Aloo Mattar Subji

The other day I asked Kundan to get some frozen green peas; little did I expect that in the freezer box they would have stored sprouted dried peas, he got it thinking it as fresh green peas. Once he got bottle gourd when I had asked him for radish. He is so familiar with vegetables… 😉 I had used these sprouted peas in a simple aloo mattar subji instead of fresh peas.

Serves: 4

Preparation Time: 15 minutes

Cooking Time: 15 minutes

1.     Sprouted peas – 1 ½ cups
2.     Potato – 3
3.     Tomato – 3
4.     Onion – 1
5.     Ginger garlic paste – ½ tbsp
6.     Butter – 2 tbsp
7.     Cumin seeds – 1 tsp
8.     Red chili powder – 1 ½ tsp
9.     Garam masala – 1 tsp
10.            Salt to taste

Step 1: Boil, peel and cube the potatoes, cook the sprouted peas and puree onion & tomatoes and keep aside.
Step 2: Melt butter in a pan, splutter cumin seeds, sauté ginger garlic paste and then the puree in it until the butter starts to separate.
Step 3: Now add chili powder, garam masala and salt to the spice mix and add 1 ½ cups of water.
Step 4: Once it comes to boil, add cooked potatoes and peas and adjust spices and consistency.
Step 5: Cook for another 3-5 minutes and turn off heat.

Step 6: Garnish with chopped coriander and serve with rice or roti.


Urad Kadhi

I had sprouted some urad dal which I wanted use for another recipe but due to lack of time I made this interesting recipe that I had hit on the net. This is a simple to make kadhi full of nutrition and taste. I had prepared it to accompany hot steamed rice with papad, it was yummm… Kadhi lovers should give it a try; this is kadhi+dal in one dish.

Serves: 2
Preparation Time: 5 minutes
Cooking Time: 15 minutes

1.      Sprouted Urad dal – 1 cup
2.    Gram Flour – ¼ cup
3.    Dahi – 2 cups
4.    Turmeric powder – ¼ tsp
5.     Salt as per taste
6.    Water – 1 cup
7.     Oil – ½ tbsp
8.    Mustard seeds – ¼ tsp
9.    Cumin seeds – ¼ tsp
10.            Green chilies – 2
11.  Ginger – 1 “ piece
12.Asafoetida – 1 pinch
13.Curry leaves – 1 sprig
14.Coriander finely chopped – 2 tbsp

Step 1: Whisk the curds, water, turmeric powder and gram flour in a bowl till smooth and thin. Keep aside.

Step 2: Heat oil in a pan, splutter mustard seeds, cumin seeds, add slit green chilies, and curry leaves, chopped ginger and sprinkle asafoetida.
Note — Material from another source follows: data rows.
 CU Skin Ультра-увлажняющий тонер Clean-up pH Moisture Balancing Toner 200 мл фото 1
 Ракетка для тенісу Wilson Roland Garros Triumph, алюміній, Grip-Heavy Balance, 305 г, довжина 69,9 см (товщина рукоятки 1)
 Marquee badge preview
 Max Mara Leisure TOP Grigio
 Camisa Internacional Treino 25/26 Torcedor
Step 3: Sauté sprouted urad dal in it for 3-5 minutes until it is soft.

Step 4: Add the curd mixture and stir continuously in low to medium heat.
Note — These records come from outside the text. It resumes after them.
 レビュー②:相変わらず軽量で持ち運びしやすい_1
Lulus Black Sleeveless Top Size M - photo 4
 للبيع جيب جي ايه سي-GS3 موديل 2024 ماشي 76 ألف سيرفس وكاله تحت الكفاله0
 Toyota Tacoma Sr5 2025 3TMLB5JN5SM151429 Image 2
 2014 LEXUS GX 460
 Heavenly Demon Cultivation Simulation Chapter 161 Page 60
Step 5: When it starts boiling, the gravy thickens and nice aroma emanates from it. At that point, turn off heat and transfer the kadhi to the serving vessel.
Step 6: Garnish with chopped coriander and relish with steamed rice or roti.
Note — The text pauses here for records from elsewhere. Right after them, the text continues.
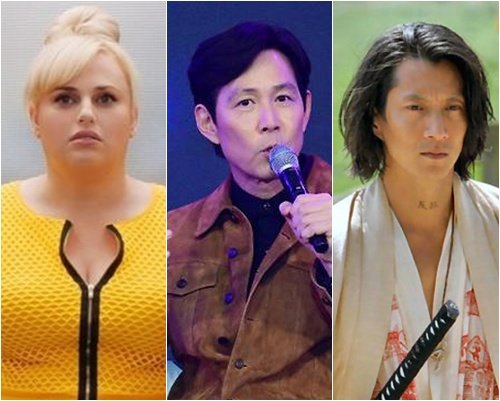 레벨 윌슨, 이정재, 윌 윤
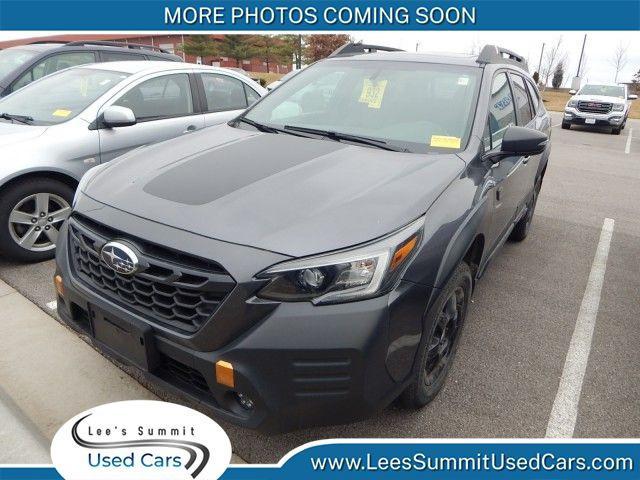 used 2022 Subaru Outback car, priced at $31,499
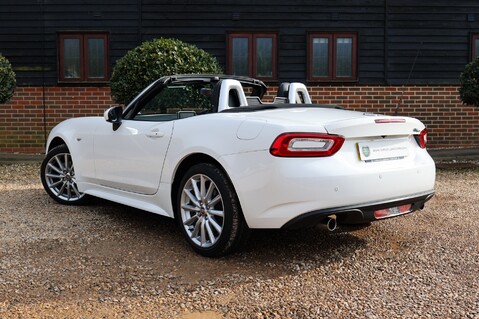 Fiat 124 Spider 1.4 MULTIAIR LUSSO PLUS 2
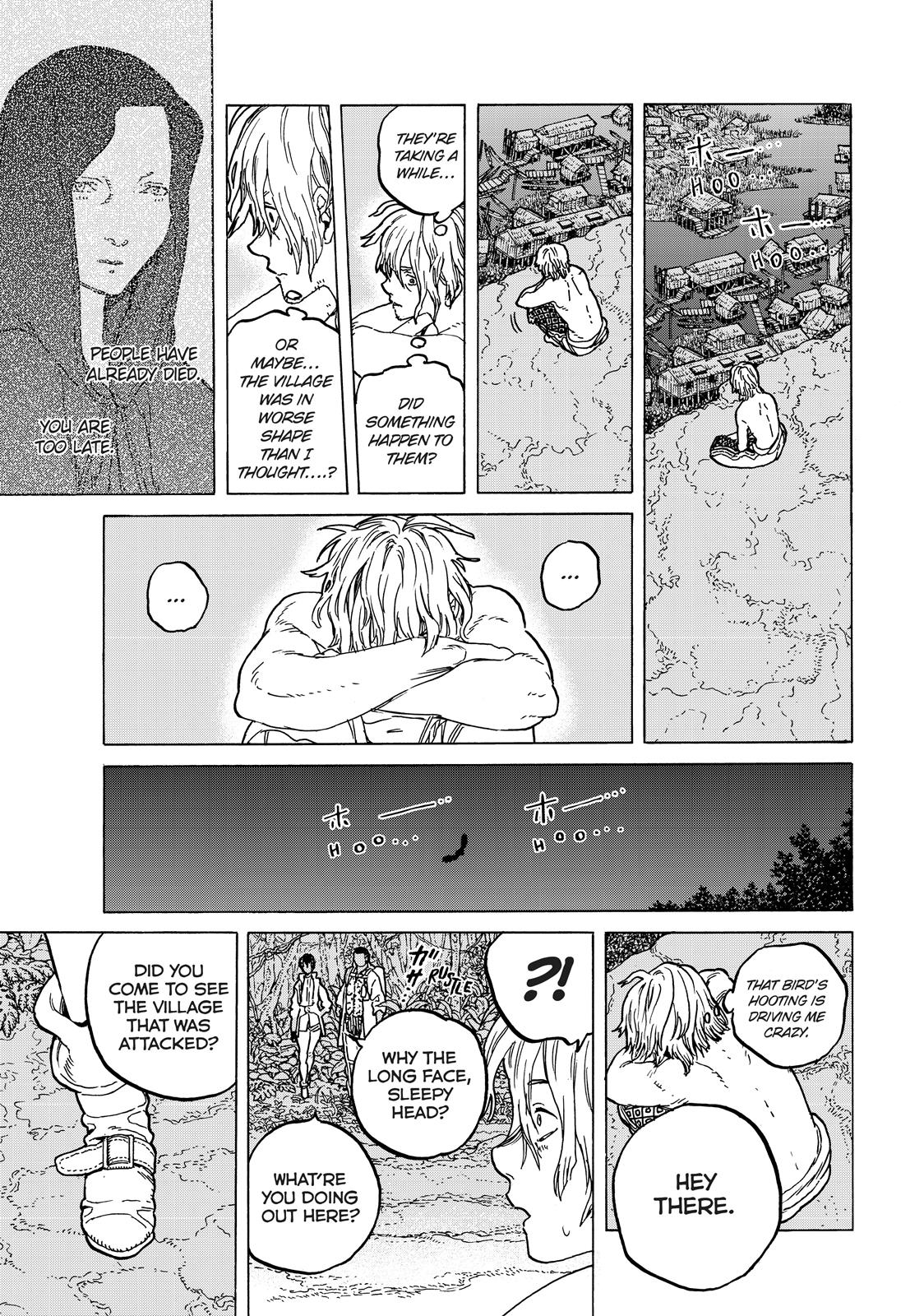 To Your Eternity Chapter 57 - Page 5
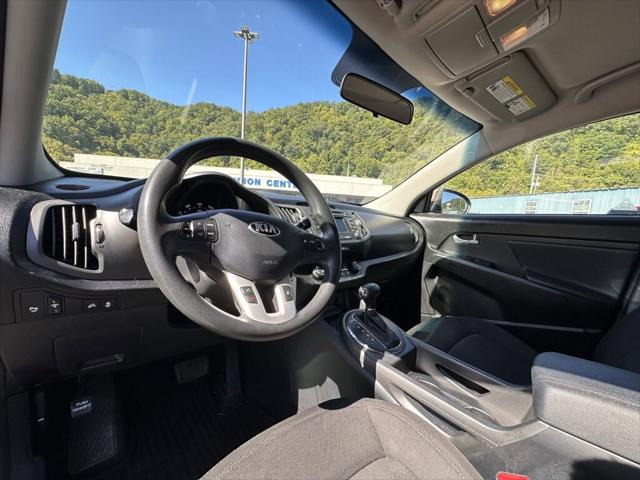 Used 2013 Kia Sportage For Sale in Pikeville, KY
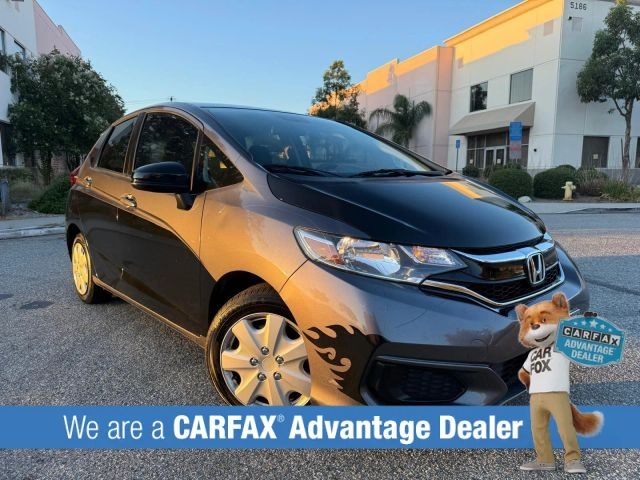 2019 Honda Fit LX FWD photo
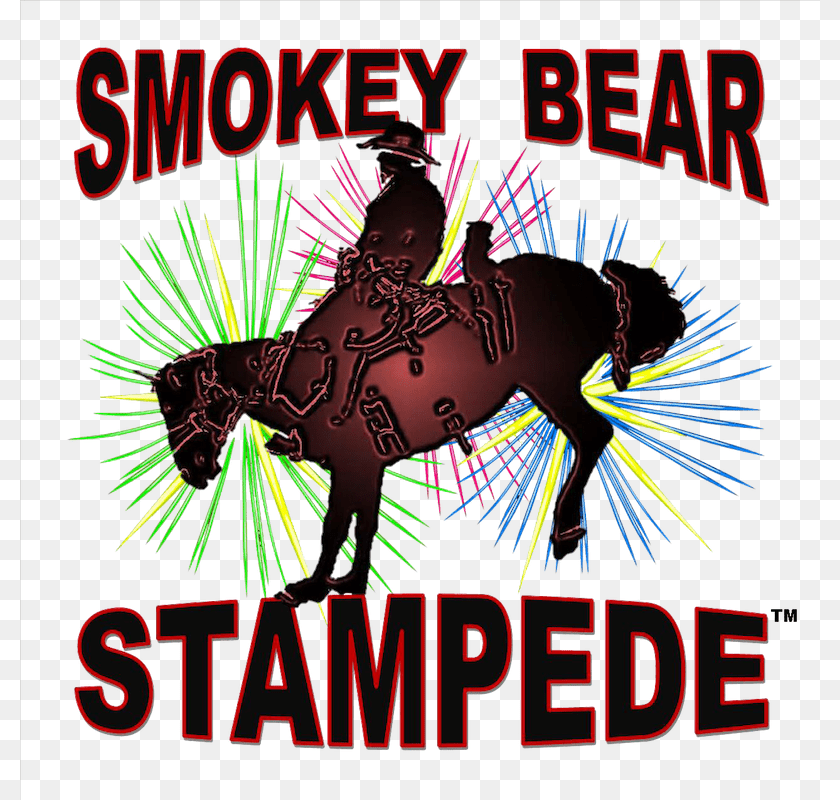 800x800 Smokey The Bear Poster, Animal, Horse, Mammal, Advertisement Transparent PNG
Fresh Pigeon Peas (Tur Beans) Gravy

I had bought some tur-beans (fresh tur dal) l from Bangalore when I visited my sister last time. I peeled them and froze them but forgot it for a couple of months; yesterday I tried this simple gravy to pack for lunch along with phulkas. I prepared pulpy gravy that suited the beans very well. He said it tasted like green peas subji; maybe we can try some more green peas-recipes with this beans.

Serves: 2
Preparation Time: 10 min
Cooking Time: 15 min

1.      Fresh peeled tur dal – 1 ½ cups
2.    Tomato – 3
3.    Onion – 2
4.    Green chili – 1
5.     Ginger – 1“ piece
6.    Garlic – 3 cloves
7.     Oil – 1 tbsp
8.    Cumin seeds – ½ tsp
9.    Red chili powder – 1 tsp
10.Garam masala – ½ tsp
11.  Coriander powder – ½ tsp
12. Salt to taste

Step 1: Chop one onion and one tomato; grind together two tomatoes, one onion, green chili, ginger & garlic into a fine paste.
Step 2: Heat oil in a pan, splutter cumin seeds and sauté chopped onion and then tomato until soft.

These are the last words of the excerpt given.